● **WHAT YOU HAVE TO DO**: Look below for the line with "Next we have"; begin the copy there and stop after the line with "Complaints filed by", keeping the text exact and the pictures out.

START EXTRACTED DATA

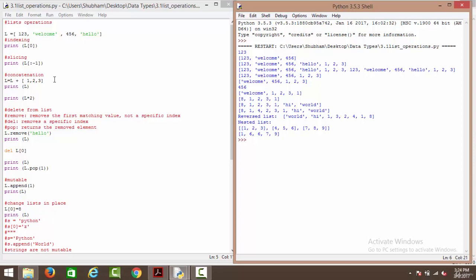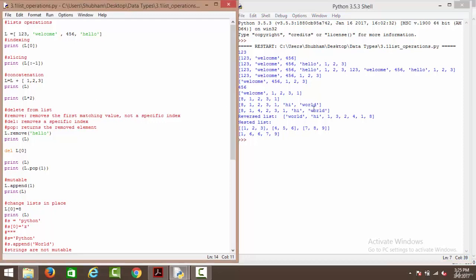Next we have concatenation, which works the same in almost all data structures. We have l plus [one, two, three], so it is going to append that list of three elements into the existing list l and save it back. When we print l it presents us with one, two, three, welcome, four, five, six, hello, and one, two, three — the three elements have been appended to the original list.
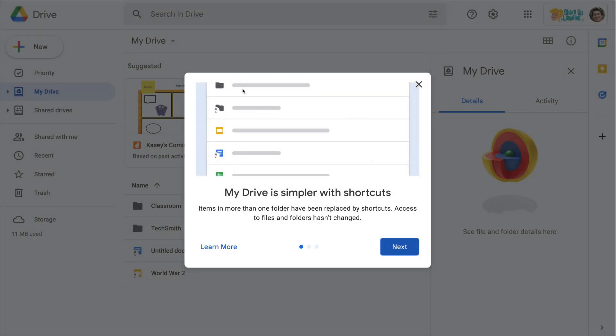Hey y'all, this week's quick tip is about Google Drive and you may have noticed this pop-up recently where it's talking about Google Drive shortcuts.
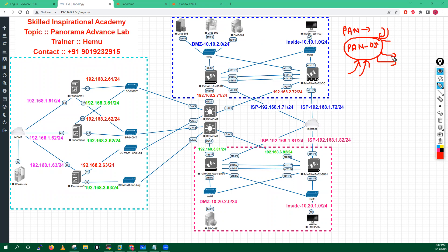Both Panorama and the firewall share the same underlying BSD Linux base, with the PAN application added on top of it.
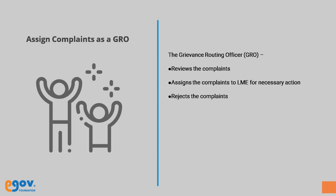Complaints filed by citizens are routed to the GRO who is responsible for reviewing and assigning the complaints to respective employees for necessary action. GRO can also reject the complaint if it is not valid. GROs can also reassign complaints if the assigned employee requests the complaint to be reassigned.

END EXTRACTED DATA
START EXTRACTED DATA

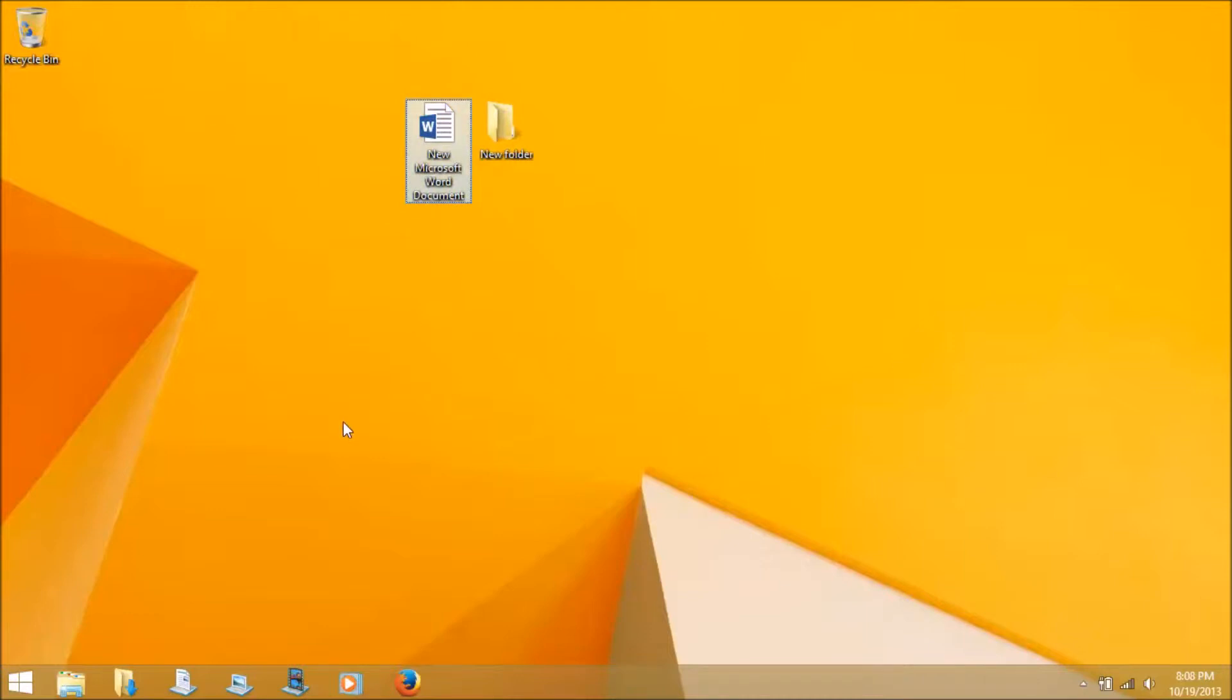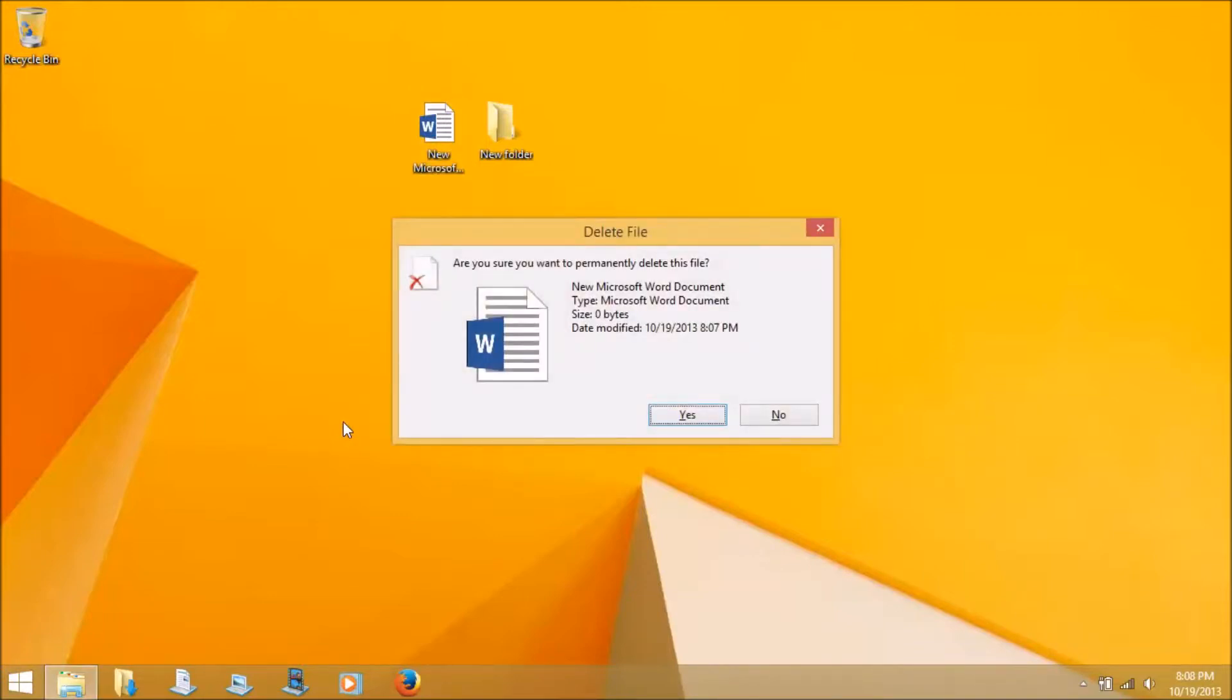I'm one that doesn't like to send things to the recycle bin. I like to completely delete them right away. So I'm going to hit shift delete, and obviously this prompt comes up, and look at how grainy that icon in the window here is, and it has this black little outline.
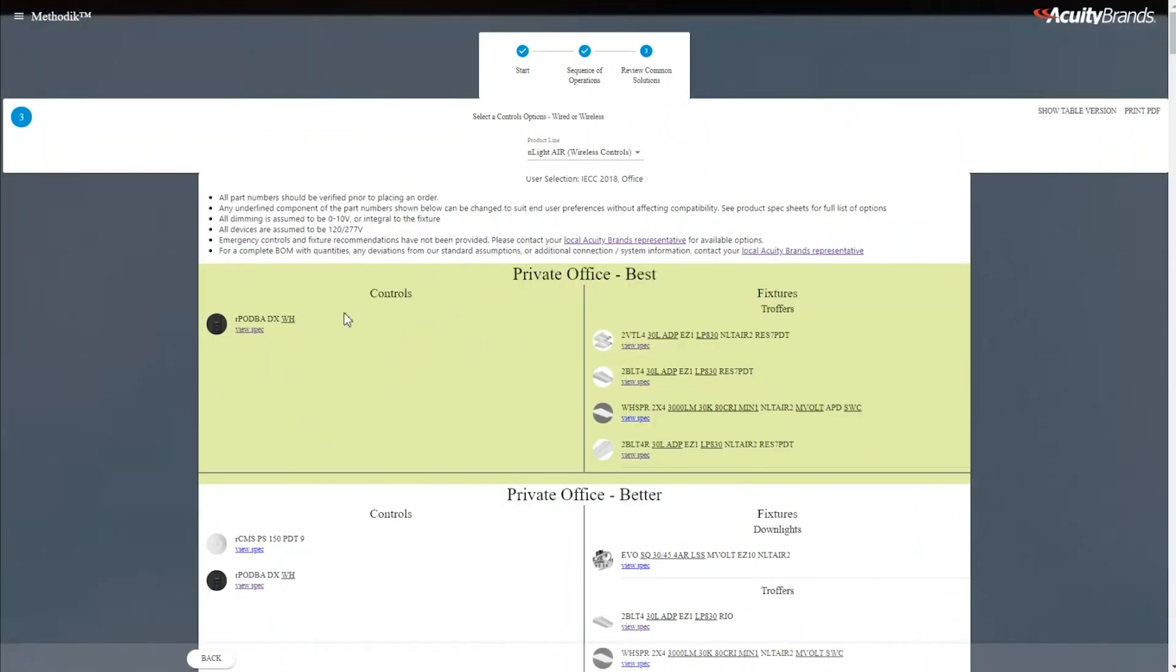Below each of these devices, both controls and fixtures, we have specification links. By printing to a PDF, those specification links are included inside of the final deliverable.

END EXTRACTED DATA
START EXTRACTED DATA

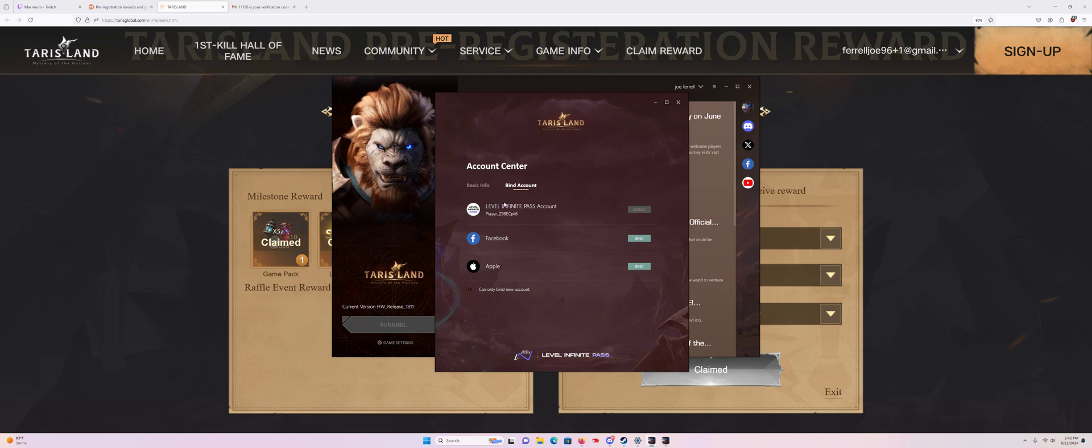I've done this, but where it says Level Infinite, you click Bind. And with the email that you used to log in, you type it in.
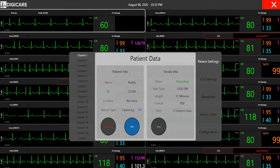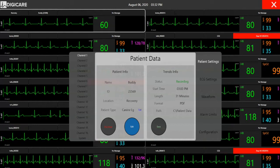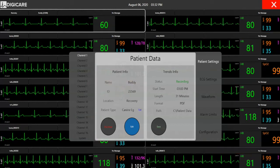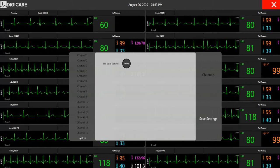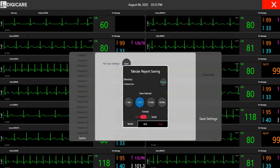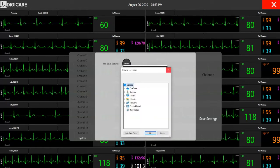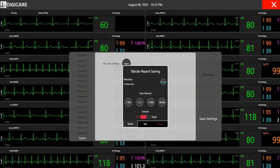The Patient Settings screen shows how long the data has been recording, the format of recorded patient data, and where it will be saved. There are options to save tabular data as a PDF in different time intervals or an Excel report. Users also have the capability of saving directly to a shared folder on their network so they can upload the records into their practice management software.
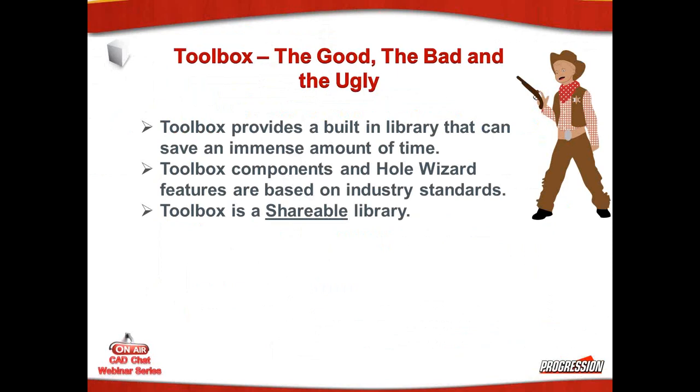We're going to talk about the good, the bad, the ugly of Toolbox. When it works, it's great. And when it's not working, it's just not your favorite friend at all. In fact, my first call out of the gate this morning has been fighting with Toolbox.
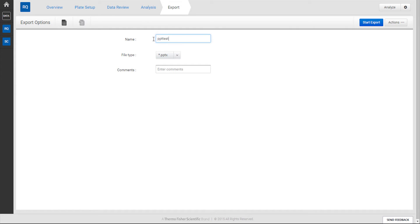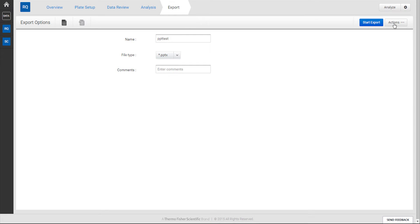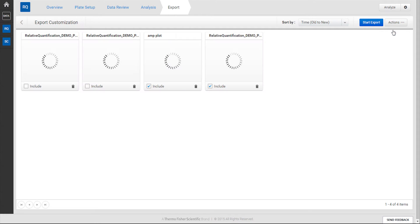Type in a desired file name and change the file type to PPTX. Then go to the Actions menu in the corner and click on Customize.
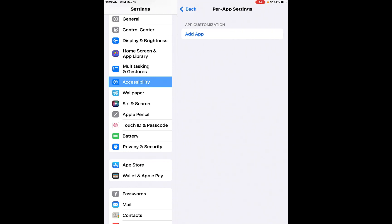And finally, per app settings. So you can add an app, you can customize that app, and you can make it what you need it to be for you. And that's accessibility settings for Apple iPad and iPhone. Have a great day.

END EXTRACTED DATA

● **YOUR SOLUTION**:
Next we have concatenation, which works the same in almost all data structures. We have l plus [one, two, three], so it is going to append that list of three elements into the existing list l and save it back. When we print l it presents us with one, two, three, welcome, four, five, six, hello, and one, two, three — the three elements have been appended to the original list.
Hey y'all, this week's quick tip is about Google Drive and you may have noticed this pop-up recently where it's talking about Google Drive shortcuts.
Both Panorama and the firewall share the same underlying BSD Linux base, with the PAN application added on top of it.
Complaints filed by citizens are routed to the GRO who is responsible for reviewing and assigning the complaints to respective employees for necessary action. GRO can also reject the complaint if it is not valid. GROs can also reassign complaints if the assigned employee requests the complaint to be reassigned.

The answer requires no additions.